Bank Rakyat Indonesia (BRI) tercatat sebagai penyumbang dividen terbesar dengan total Rp51,7 triliun, yang setara dengan 86% dari laba bersih BRI tahun 2024. Dari jumlah tersebut, Rp27,7 triliun merupakan setoran kepada negara. Bank Mandiri menyusul dengan dividen sebesar Rp43,5 triliun (76% dari laba bersih), di mana Rp22,6 triliun diserahkan ke negara.

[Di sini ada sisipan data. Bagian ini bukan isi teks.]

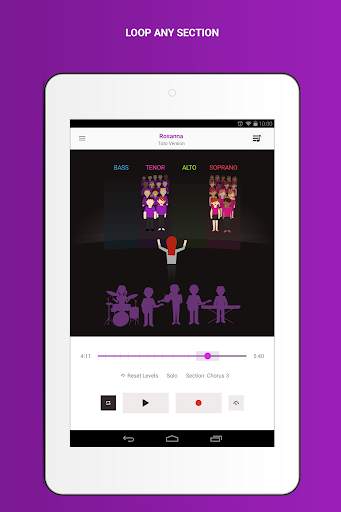 Choir Player screenshot 11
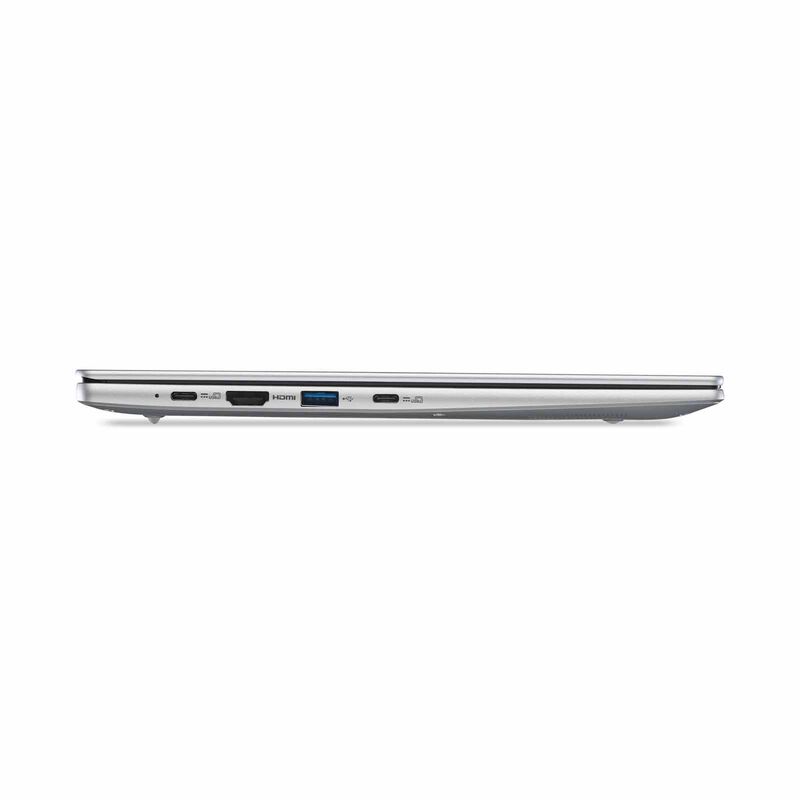 ACER 14in Oled Intel Core Ultra 7 155h 16gb 512gb Ssd 11 Home SWIFT AIR 14 SFA14-71M-70YW (SILVER)-image 2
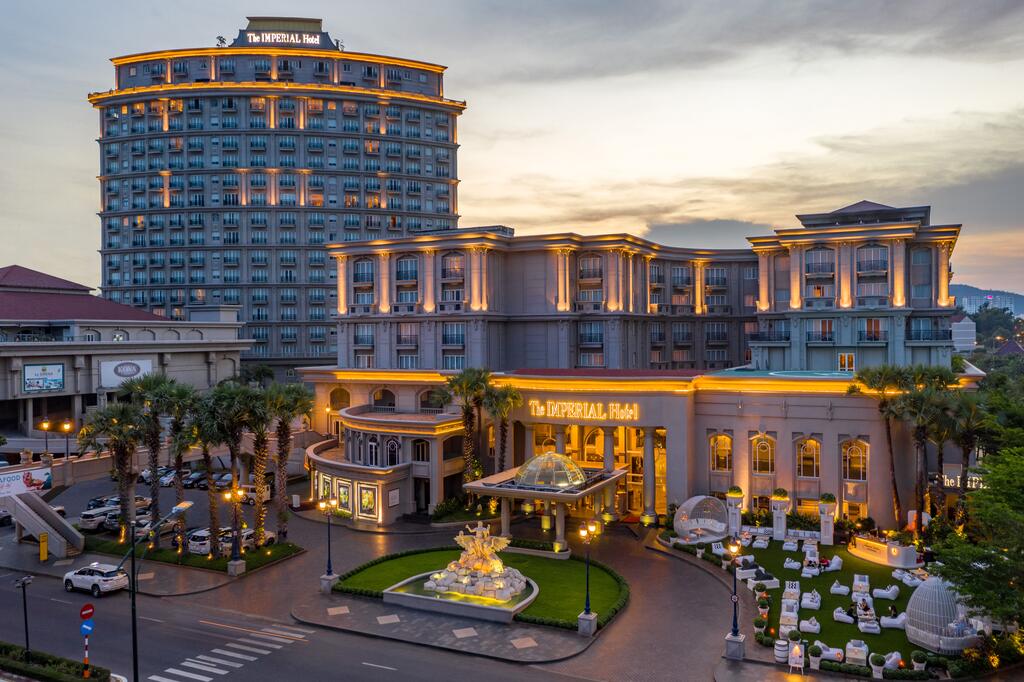Khám phá 6 khách sạn đẹp lung linh ở Vũng Tàu cho kỳ nghỉ sắp tới - 3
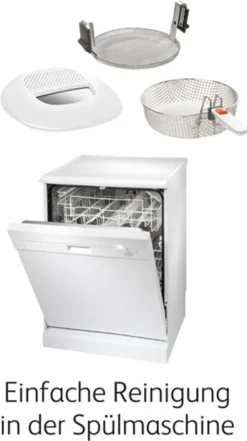 Tefal Fritteuse Filtra One FF1631 Weiß -Kaufland Verkäufe bf9b847330f5a98a9a564c1d516f589f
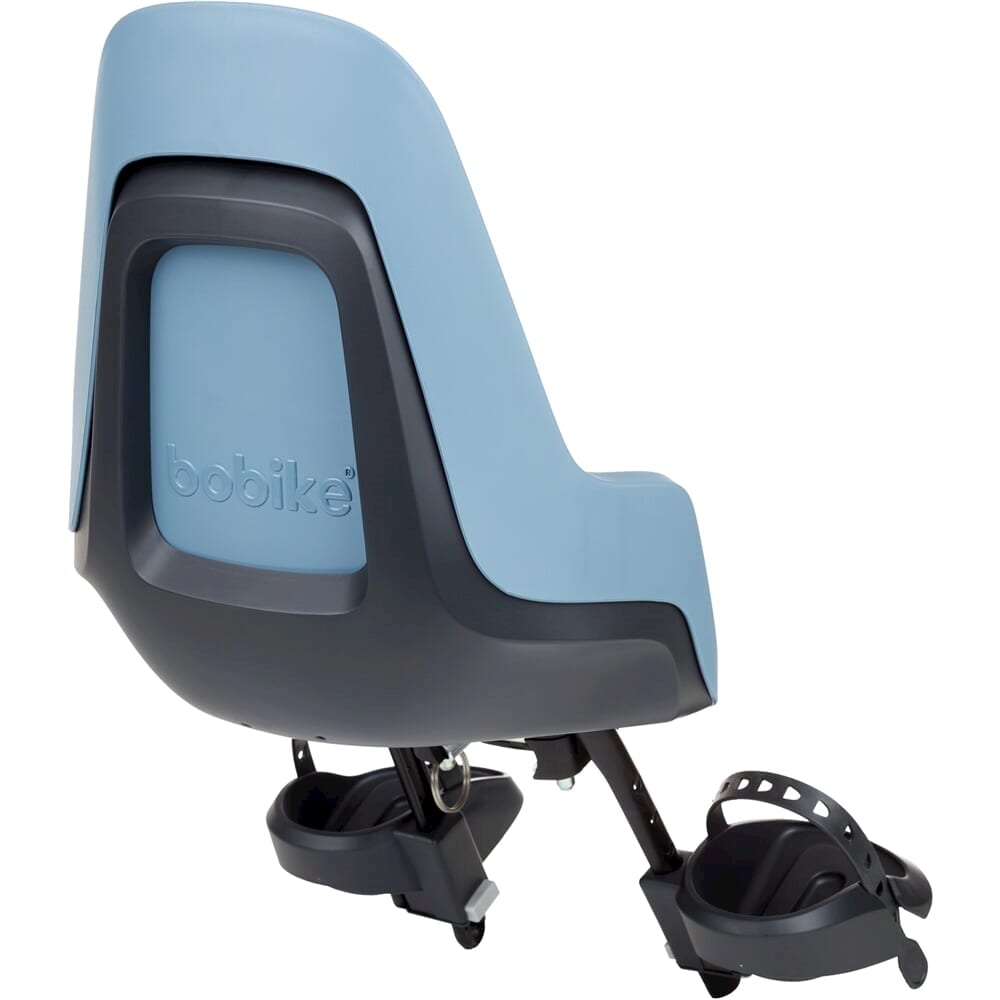 Sedile di bobike mini cittadella blu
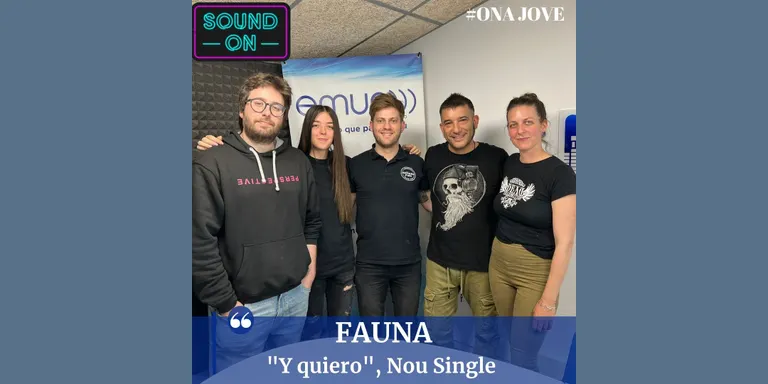 #ONAJOVE amb FAUNA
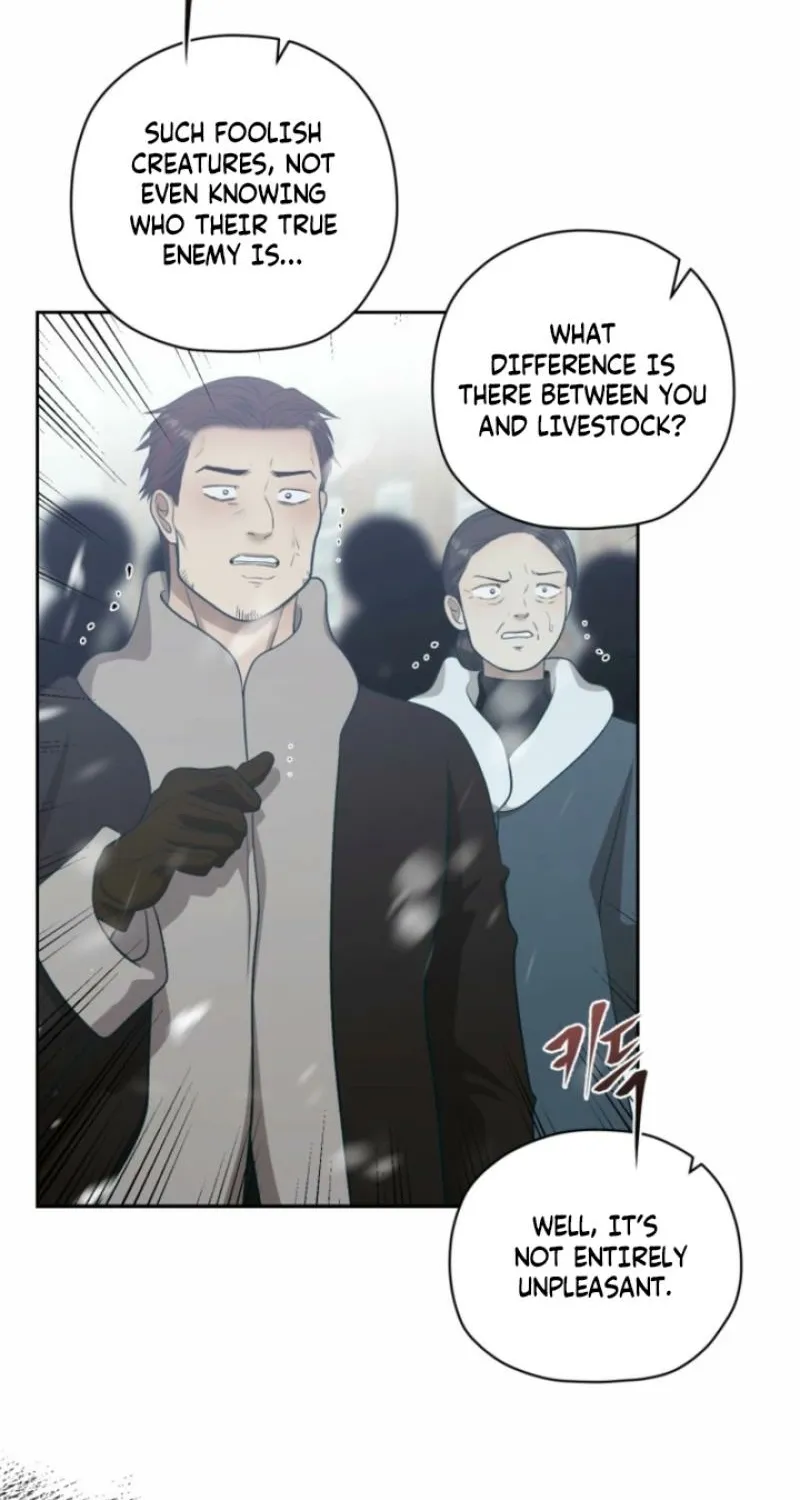 The Hand That Once Fed Chapter 69 page 8 - 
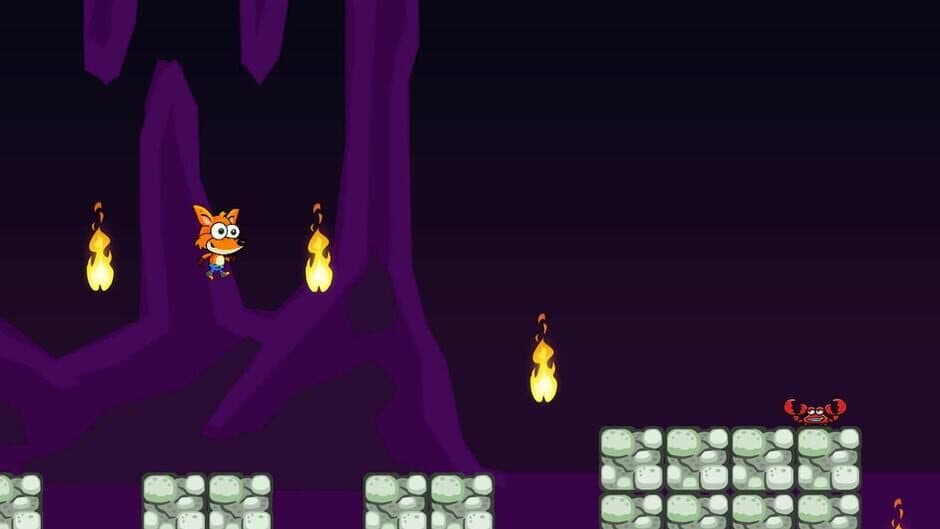 Foxy's Coin Hunt screenshot 2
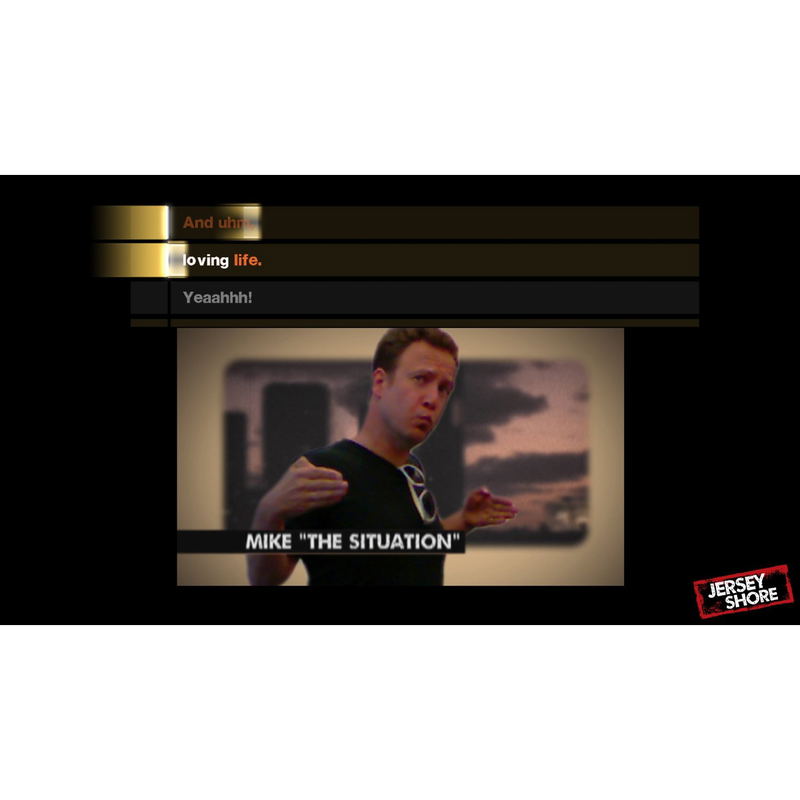 Yoostar on MTV image 2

Selanjutnya, Bank Negara Indonesia (BNI) menyumbang dividen sebesar Rp13,9 triliun, dengan Rp8,4 triliun sebagai setoran ke negara—menjadikan BNI sebagai bank dengan kenaikan setoran dividen tertinggi, yakni sebesar 91%. Adapun Bank Tabungan Negara (BTN) juga membagikan dividen sebesar Rp13,9 triliun (65% dari laba bersih), dengan Rp451,1 miliar disetorkan kepada negara, meningkat 24% dibanding tahun sebelumnya.
Di balik kontribusi signifikan sektor perbankan BUMN terhadap penerimaan negara melalui dividen, terdapat ketentuan perpajakan yang cukup menarik untuk dicermati. Pasal 4 ayat (1) huruf g Undang-Undang No. 7 Tahun 2021 tentang Harmonisasi Peraturan Perpajakan (UU HPP) menyebutkan bahwa dividen termasuk dalam objek pajak penghasilan (PPh). Namun demikian, dalam Pasal 4 ayat (3) huruf f, diatur bahwa dividen dikecualikan dari objek pajak apabila dividen tersebut diinvestasikan kembali di dalam negeri.
Ketentuan lebih lanjut mengenai instrumen investasi yang dimaksud diatur dalam Peraturan Menteri Keuangan (PMK) No. 18 Tahun 2021, khususnya pada Pasal 34 dan Pasal 35. Instrumen tersebut mencakup berbagai produk pasar keuangan seperti obligasi, saham, sukuk, reksa dana, serta investasi langsung ke sektor riil, infrastruktur, properti, logam mulia, hingga pendanaan UMKM. Investasi harus dilakukan paling lambat akhir bulan ketiga (untuk wajib pajak orang pribadi) atau akhir bulan keempat (untuk wajib pajak badan) setelah tahun pajak berakhir, sebagaimana ditegaskan dalam Pasal 36 ayat (1) PMK tersebut.
Kebijakan ini tentu dimaksudkan untuk mendorong penanaman kembali modal di dalam negeri dan memperkuat ekonomi nasional. Namun, di sisi lain, muncul perdebatan mengenai keadilan fiskal dalam implementasinya. Fasilitas pembebasan pajak atas dividen yang diinvestasikan kembali lebih banyak dinikmati oleh kelompok masyarakat dengan kepemilikan modal besar—seperti investor institusi dan individu dengan kepemilikan saham yang signifikan.
Sementara itu, kelompok masyarakat lainnya, seperti pegawai atau pelaku usaha mikro dan kecil, tetap menjadi kelompok yang paling terdampak oleh pungutan pajak rutin. Hal ini menimbulkan kesan bahwa sistem perpajakan cenderung memberikan ruang lebih besar bagi kelompok berpenghasilan tinggi untuk mengoptimalkan fasilitas pajak, yang pada akhirnya dapat memperlebar kesenjangan ekonomi.
Oleh karena itu, penting bagi pemerintah untuk terus mengevaluasi implementasi kebijakan perpajakan yang tidak hanya mendorong investasi, namun juga menjamin asas keadilan dan kesetaraan bagi seluruh lapisan masyarakat. Pajak, sebagai salah satu instrumen utama distribusi kesejahteraan, seharusnya mampu memberikan kontribusi yang proporsional dan mencerminkan prinsip keadilan sosial sebagaimana diamanatkan dalam konstitusi.